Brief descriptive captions
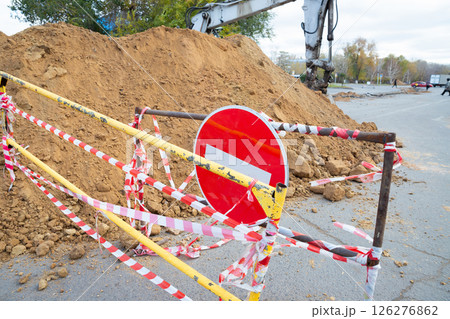 A construction barrier made of yellow metal with a red stop sign is surrounded by caution tape, roadwork taking place 126276862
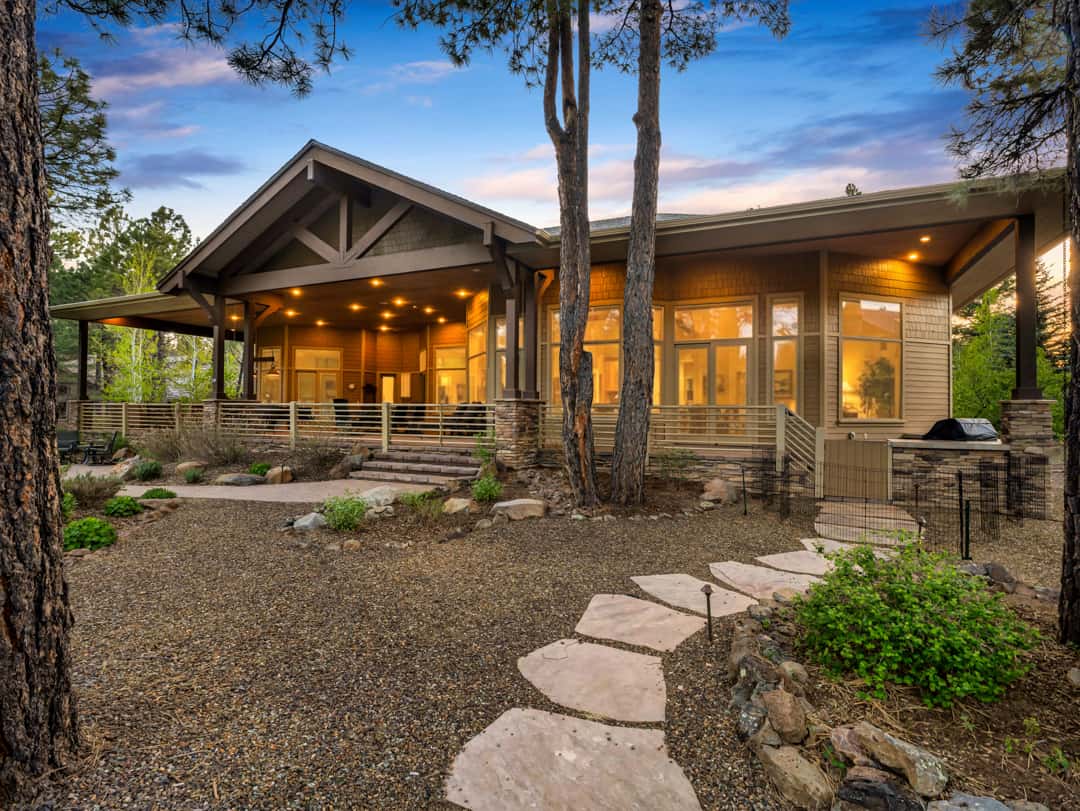 38 of 52. Luxury estate positioned on over an acre of beautifully landscaped property surrounded by mature pines, offering exceptional privacy and outdoor living space.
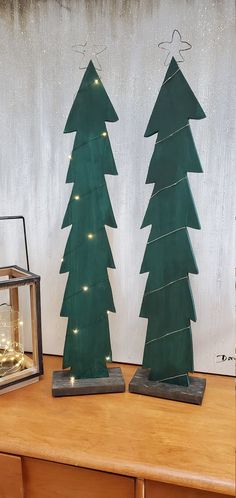 two wooden christmas trees are sitting on a table next to a small clock and lantern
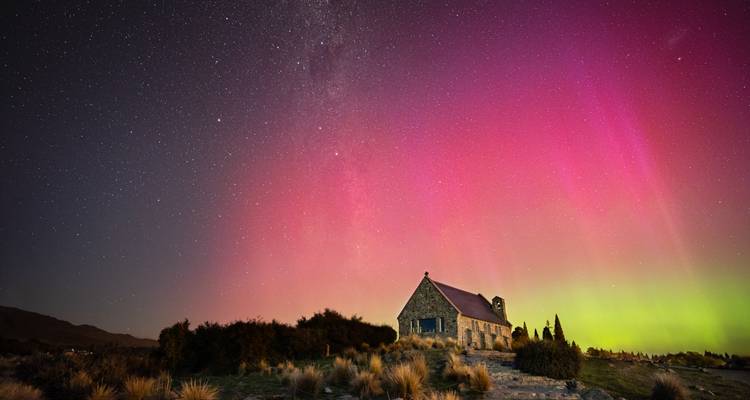 Kleine Steinkirche unter lebendiger Aurora in bergiger Gegend.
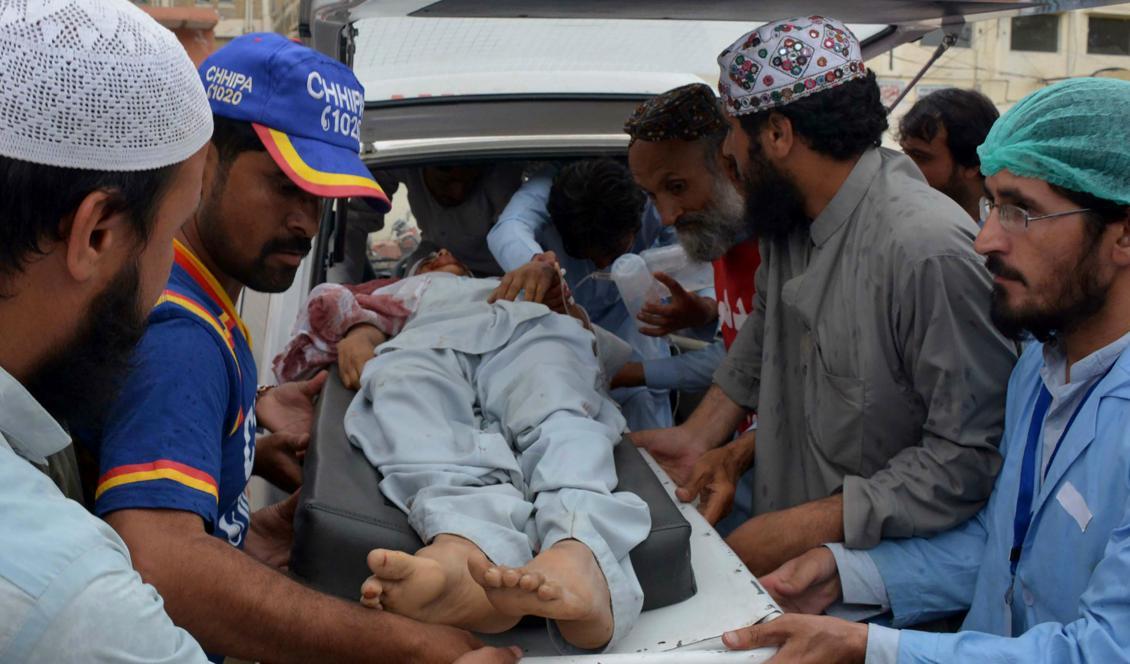 Frivilliga hjälper en skadad till sjukhus efter den stora explosionen i pakistanska Quetta. Foto: Banaras Khan/AFP/Getty Images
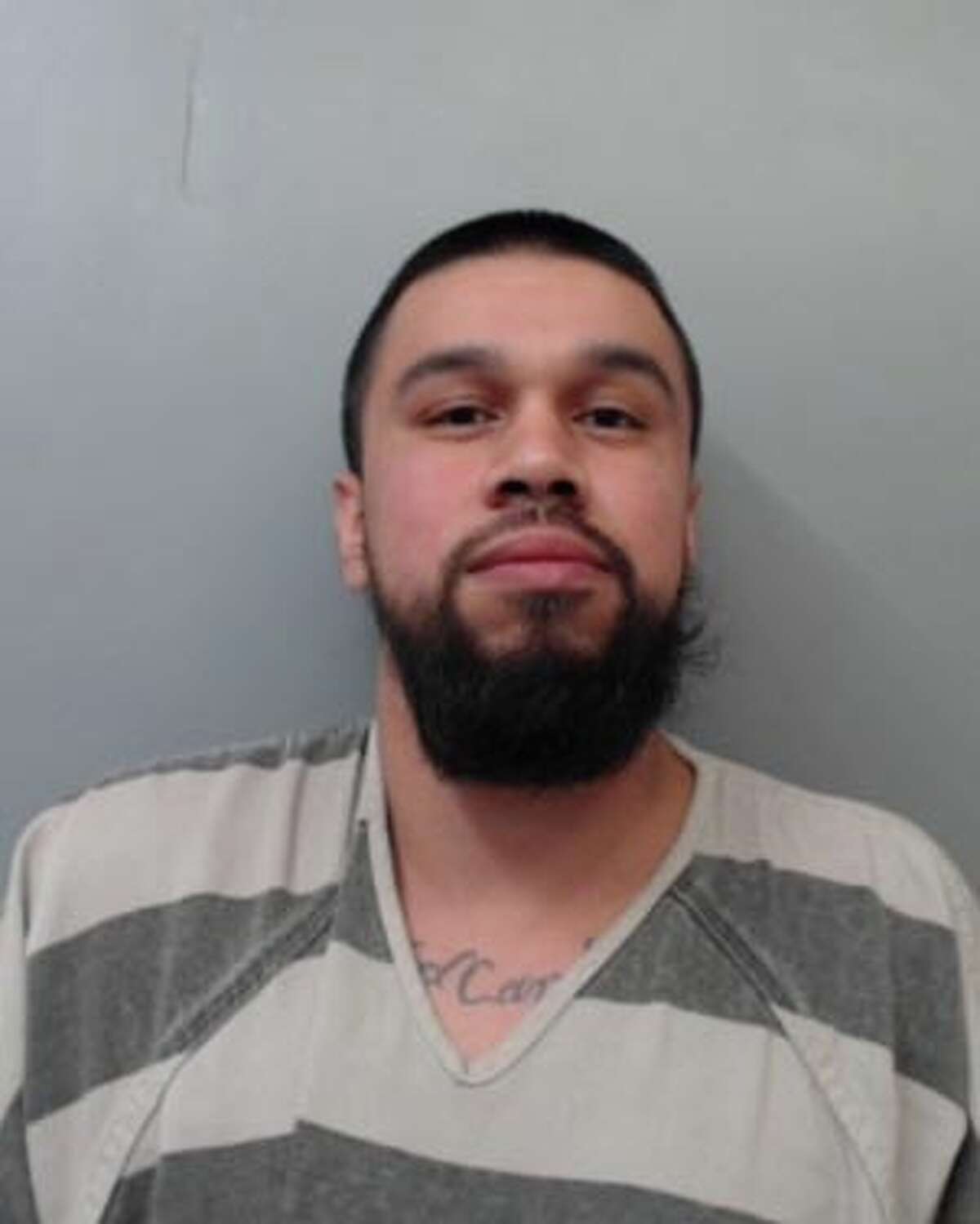 Jorge Luis Garza, 26, was charged with assault.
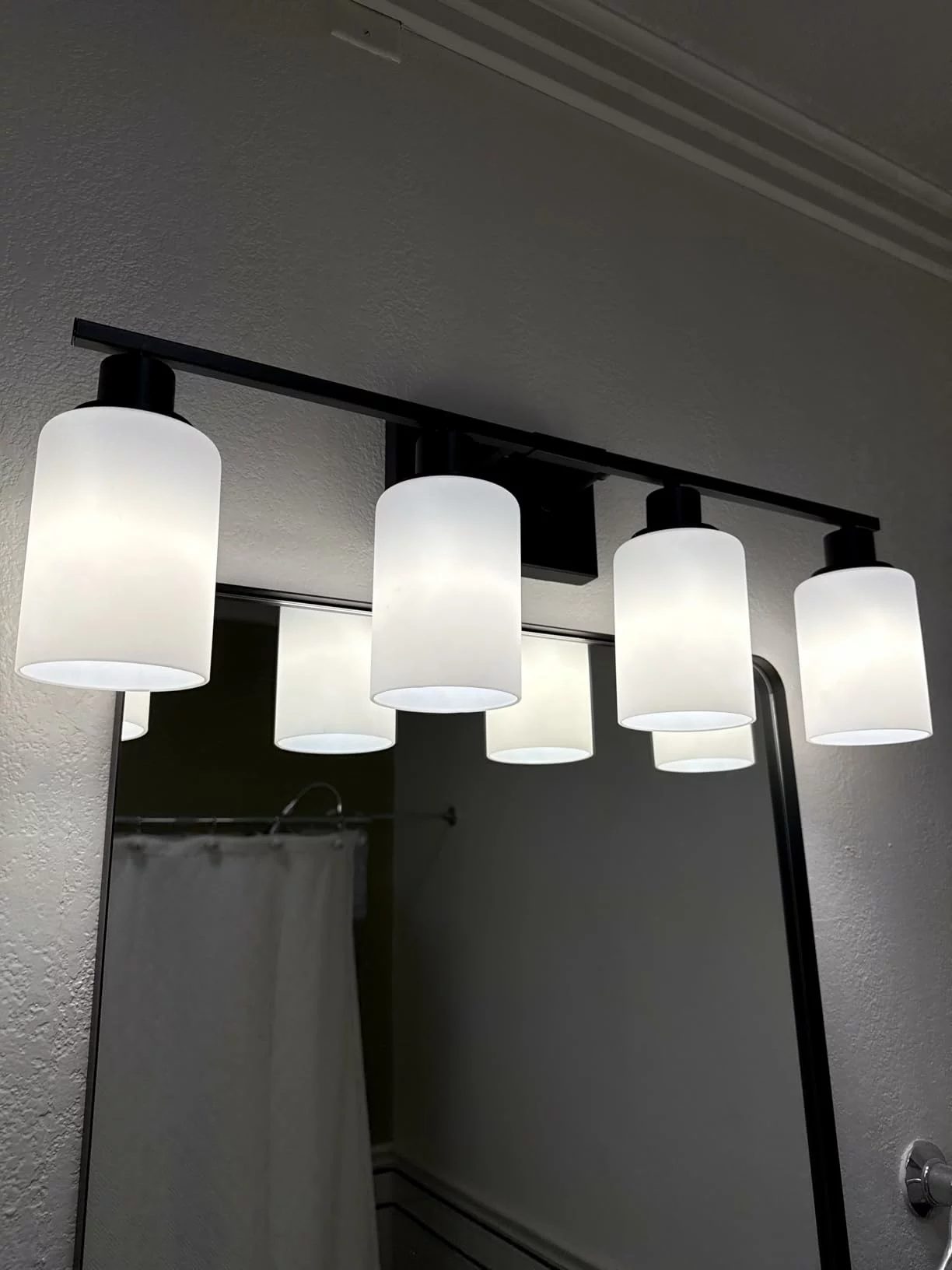 Click to view full screen MOKATNG 4-Light Bathroom Vanity Light Fixtures - Matte Black Wall Lamp with Milky White Glass Shades, Modern Bathroom Light Over Mirror for Living Room, Bedroom, and Cabinet photo review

Requirement
Copy the final portion of the records: every line from the one containing "Jorge Luis Garza, 26, was" through the last, word for word, without pictures.

Answer
 Jorge Luis Garza, 26, was charged with assault.
 Click to view full screen MOKATNG 4-Light Bathroom Vanity Light Fixtures - Matte Black Wall Lamp with Milky White Glass Shades, Modern Bathroom Light Over Mirror for Living Room, Bedroom, and Cabinet photo review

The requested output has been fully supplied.